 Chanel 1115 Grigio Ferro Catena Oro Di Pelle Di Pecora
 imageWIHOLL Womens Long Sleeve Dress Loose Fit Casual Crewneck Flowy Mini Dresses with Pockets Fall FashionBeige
--
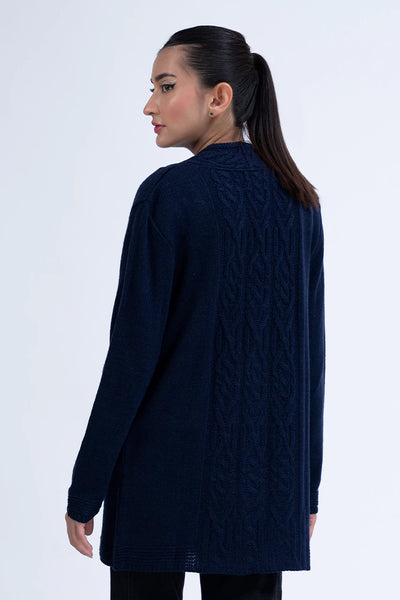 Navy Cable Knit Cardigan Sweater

Task statement: Your answer should be the lines above from the one containing "Chanel 1115 Grigio" through the one containing "imageWIHOLL Womens Long", copied exactly and with both ends kept.

Answer to this problem:
 Chanel 1115 Grigio Ferro Catena Oro Di Pelle Di Pecora
 imageWIHOLL Womens Long Sleeve Dress Loose Fit Casual Crewneck Flowy Mini Dresses with Pockets Fall FashionBeige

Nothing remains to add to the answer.